En septiembre de 2017, dos comuneros de Santa Rita de Florida intentaron vender a un extranjero un terreno que le pertenecía a la comunidad. El procedimiento fue el siguiente: la monitora ambiental, Gladis Dávila, advirtió de su comportamiento a quienes pretendían vender, lo transmitió a la gobernadora y esta finalmente al apu. Lograron paralizar la venta. Fueron días de alta tensión. Uno de los comuneros fue exonerado, consideraron que “fue manipulado, era padre de familia y un buen hombre”, cita la gobernadora.

La presencia de extranjeros no solo está latente en la compra de terrenos de la Amazonía o en la tala de árboles. Respecto a esto último, el Banco Mundial estima que el 80% de la madera que exporta Perú proviene de la tala ilegal. Alfredo Dávila conoce bien la caoba, el cedro, la canela, el tornillo, la cumala y muchos otros tipos de árboles. “A la madera duradera la llamamos palo de tortuga”, interrumpe. Trabajó durante más de 20 años para una empresa maderera a las órdenes “del patrón Don Juan Correa”. “Siempre hay que cortar 25 pulgadas por arriba para aprovechar bien el tronco y repoblar, repoblar es esencial”, sostiene.

Bosque deforestado en la cuenca del Marañón
Bosque deforestado en la cuenca del Marañón ROCÍO MADERO CADARSO
De camino a la ciudad de Nauta, atravesando las aguas del Marañón, el director de secundaria de la vecina comunidad 9 de Octubre, el kukama Pedro Torres, apunta con el dedo hacia unas parcelas y menciona: “Veo botes con maderas que marchan a la ciudad pero las tierras están despojadas, nadie vuelve a reforestar”. El bote encalla en Nauta, toca tierra firme y el director fija la mirada en el embarcadero repleto de plásticos.

“No siempre fue así.

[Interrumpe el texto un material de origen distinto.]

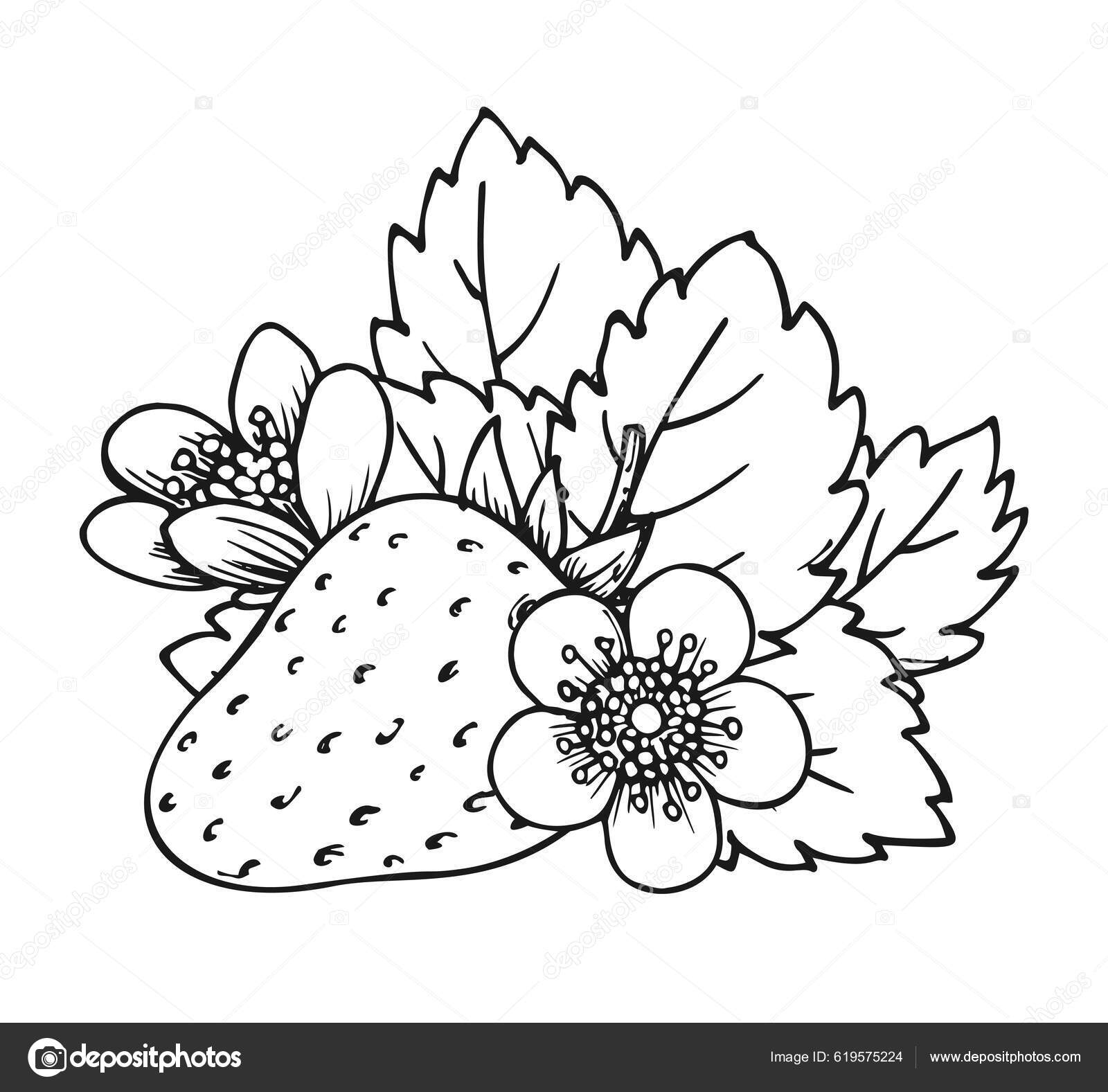 Whole ripe strawberry coloring book page flowering bush single berry stock vector by vasiliyart
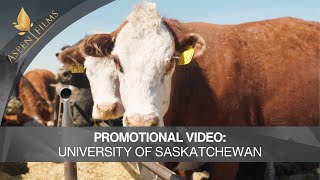 University of Saskatchewan  Promotional Video  Cowbytes Program [upl. by Arramahs]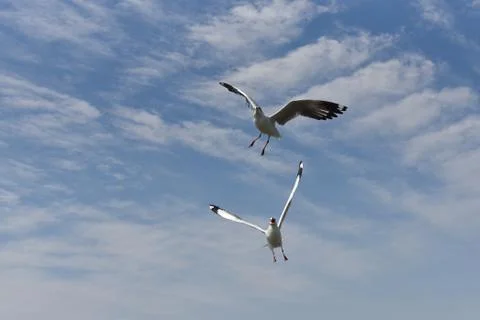 Close-up of an attacking seagull flapping its wings against a cloudy blue sky Stock Photos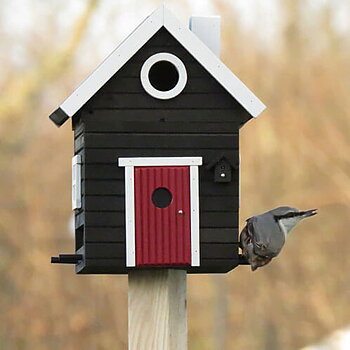 Multiholk Svart hus, svart fågelmatare i naturmiljö
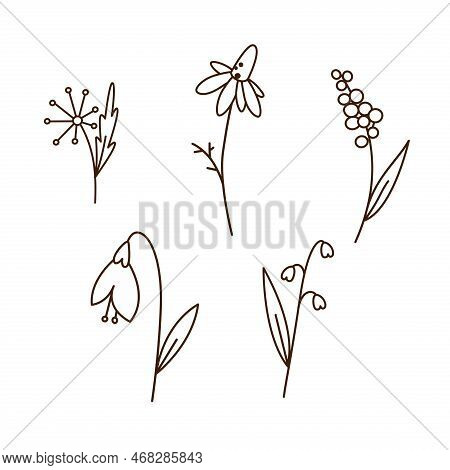 Spring flowers doodle vector photo free trial bigstock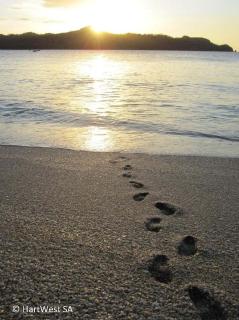 Bougainvillea 4315 Ph- Luxury 3 Bedroom Ocean View Resort Condo - 5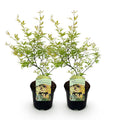 Japanischer Ahorn – Acer palmatum Metamorphosa – 70cm hoch – 19cm – Balkonpflanze & Zierbaum – Grünes Frühlingslaub, rote Herbstfärbung – Plant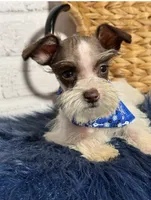 processed/0eca31ee-98e7-4505-9157-d27ec416c678/listing/abb83869-680d-4d26-9195-4759316d4d51/5b23962c-5b96-4464-a09a-4af7d1b82c66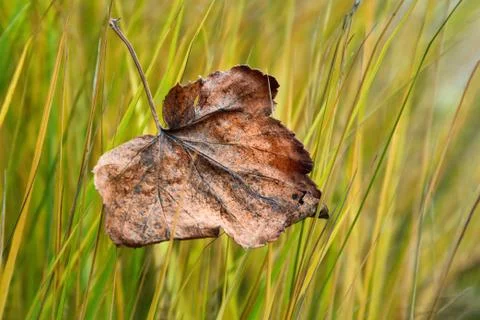 Fallen leaf on the yellow grass. Withered brown leaf in the grass Stock Photos
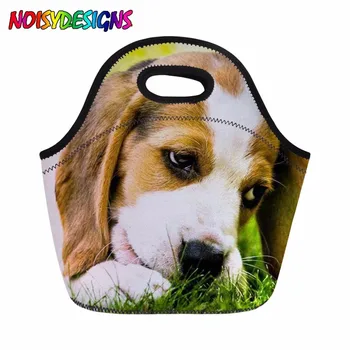 

Beagle Dog Pattern Lunch Bag Thermal Lunch Box Women Handle Bags Tote Storage for Kids Girls Lancheira Escolar Bolsos Mujer
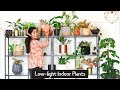Best Low Light Indoor Plants for Any Home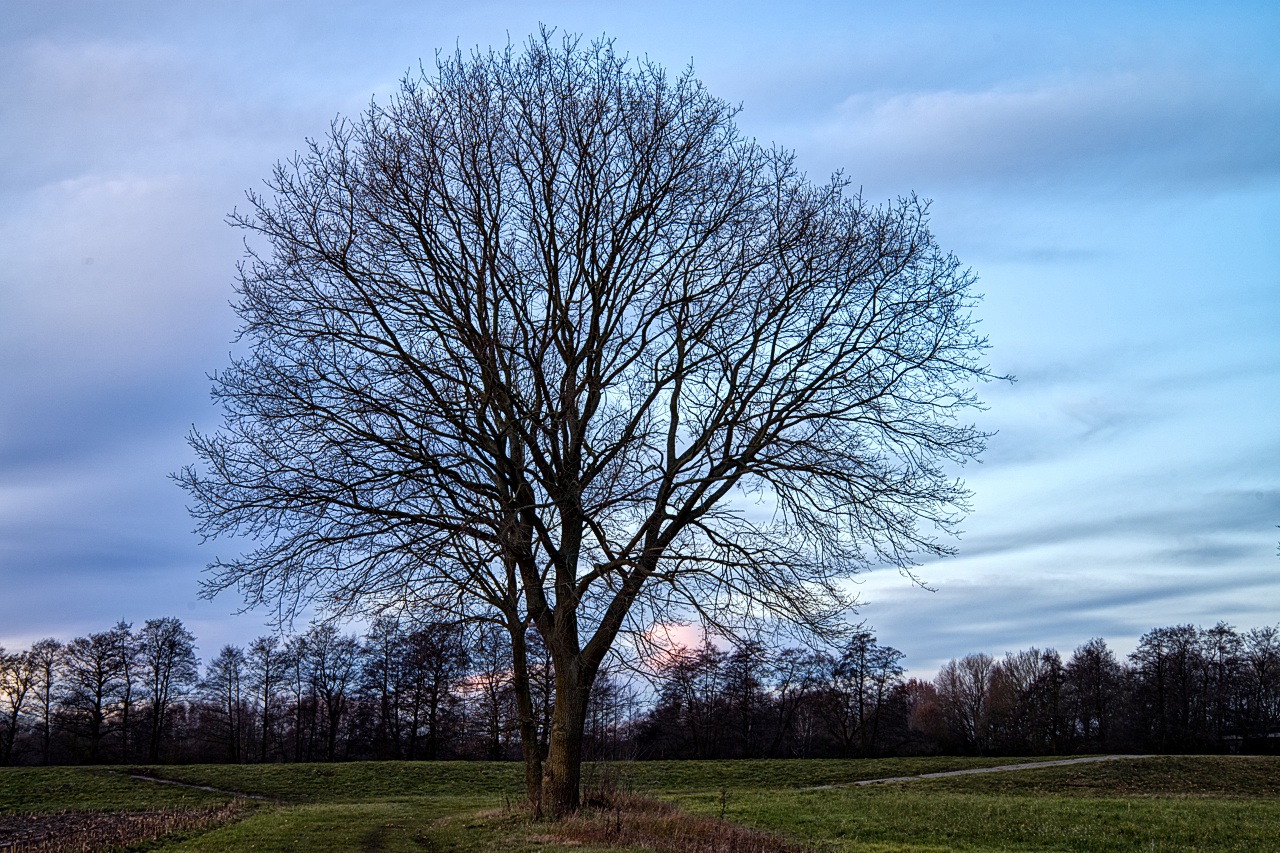 Ein Dezember Baum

Antes había peces que brincaban y silbaban en el puerto. Si los peces saltones se alzaban con la cabeza arriba era un síntoma de que todo iba bien. Hace años que dejé de ver a los saltones. Ahora tenemos plástico”, aprecia el director Pedro Torres.

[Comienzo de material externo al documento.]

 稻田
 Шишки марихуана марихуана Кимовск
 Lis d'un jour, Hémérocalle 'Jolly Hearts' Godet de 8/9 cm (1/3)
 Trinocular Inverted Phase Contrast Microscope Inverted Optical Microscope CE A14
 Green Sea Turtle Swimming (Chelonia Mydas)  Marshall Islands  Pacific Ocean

La llegada de los productos fabricados con plástico y metal ha modificado los hábitos de las comunidades indígenas e introducido materiales que no saben cómo destruir. La mayoría de ellas no están equipadas con tachos (papeleras) ni tienen un sistema de basuras. “Botan” los residuos sólidos al suelo, jardines, río o lo almacenan junto a los árboles. Los restos de comida producen compost, no el plástico.